This example uses US stock market trading data. The raw data is stored in table 'trades' in database "dfs://TAQ" with a composite partition: a value partition based on trading dates and a range partition based on stock symbols.
(1) Load the metadata of the table on disk into memory:
login(`admin, `123456)
db = database("dfs://TAQ")
trades = db.loadTable("trades")
(2) Create a template table 'model', then create an empty table 'OHLC' in database "dfs://TAQ" based on the schema of the template table to store the results:
model=select top 1 Symbol, Date, Time.second() as bar, PRICE as open, PRICE as high, PRICE as low, PRICE as close, SIZE as volume from trades where Date=2007.08.01, Symbol=`EBAY
if(existsTable("dfs://TAQ", "OHLC"))
db.dropTable("OHLC")
db.createPartitionedTable(model, `OHLC, `Date`Symbol)
(3) Use function mr
to calculate OHLC bars and write the results to table 'OHLC':
def calcOHLC(inputTable){
tmp=select first(PRICE) as open, max(PRICE) as high, min(PRICE) as low, last(PRICE) as close, sum(SIZE) as volume from inputTable where Time.second() between 09:30:00 : 15:59:59 group by Symbol, Date, 09:30:00+bar(Time.second()-09:30:00, 5*60) as bar
loadTable("dfs://TAQ", `OHLC).append!(tmp)
return tmp.size()
}
ds = sqlDS(<select Symbol, Date, Time, PRICE, SIZE from trades where Date between 2007.08.01 : 2019.08.01>)
mr(ds, calcOHLC, +)
- 'ds' is a series of data sources generated by function
sqlDS
. Each data source represents data from a partition. - Function
calcOHLC
is the map function in MapReduce.
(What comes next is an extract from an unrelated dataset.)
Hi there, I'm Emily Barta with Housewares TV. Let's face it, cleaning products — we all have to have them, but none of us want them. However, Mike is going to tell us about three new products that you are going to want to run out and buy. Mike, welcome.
It calculates OHLC bars from each data source, writes the result to the database and returns the number of rows written to the database. - "+" is the reduce function in MapReduce. It adds up the results of all map functions (the number of rows written to the database) to return the total number of rows written to the database.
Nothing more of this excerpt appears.